Hopeful Monsters #421
May 12, 2017
This week on Science for the People, we are talking about a controversial theory in evolutionary biology that has led to research on the role of single mutations that drastically alter the body plan of organisms. Guest host Anika Hazra speaks with Olivier Rieppel, curator of Evolutionary Biology at the Field Museum, about the history of this theory and where it stands within modern science. And she talks with Nipam Patel, professor of Molecular Cell Biology and Intergrative Biology at UC Berkely, about his experimental research on the role of certain mutated genes in the physical development of crustaceans.
- Olivier Rieppel
- Nipam Patel
Olivier Rieppel received his Diploma in Zoology from the University of Basel, a Master's Degree in Vertebrate Paleontology from the University College London, and a Doctoral Degree in Zoology from the University of Basel. He obtained his Habilitation in Vertebrate Paleontology from the University of Zürich. He has held professional appointments at the University of Zürich, at the Field Museum in Chicago, and at the Natural History Museum in Stuttgart. His research concerns the systematics and phylogeny of Triassic marine reptiles, the origin of turtles, the head anatomy and phylogeny of squamate reptiles, and the origin of snakes. He also pursues research in the history and philosophy of comparative biology. He has published 304 peer reviewed scientific papers, numerous popular articles, and seven books.
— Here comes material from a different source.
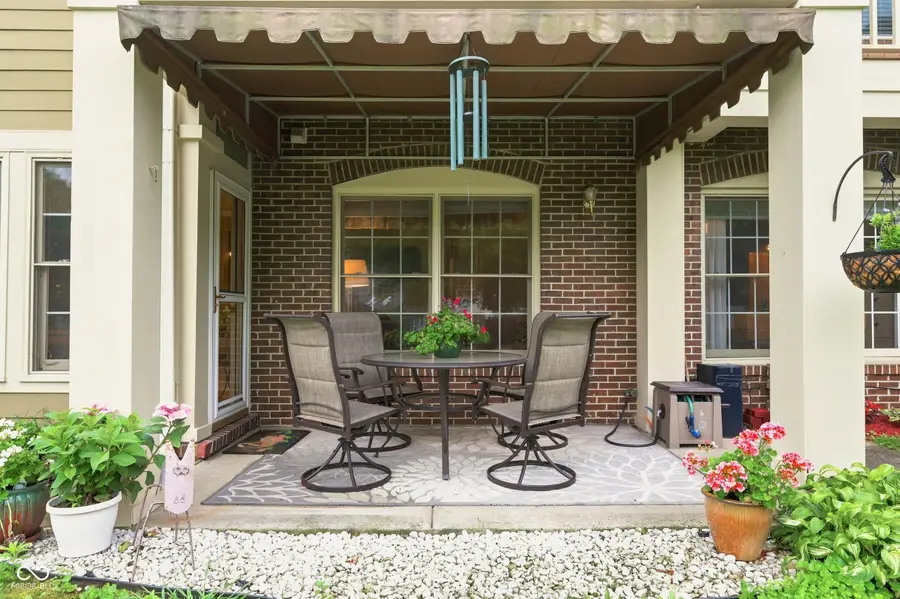 7601 Newport Bay #122, Indianapolis, IN 46240 - #3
Nipam Patel grew up in the West Texas town of El Paso, received an A.B. in Biology from Princeton University and a Ph.D. in Biology from Stanford University. He is a Professor in both the Department of Molecular Cell Biology and the Department of Integrative Biology at UC Berkeley. Before moving to Berkeley, he was a Staff Associate in the Department of Embryology at the Carnegie Institution and a Professor at the University of Chicago. He is co-author of an undergraduate textbook on Evolution, and has taught in the summertime Embryology Course at the Marine Biological Lab at Woods Hole for the past seventeen years.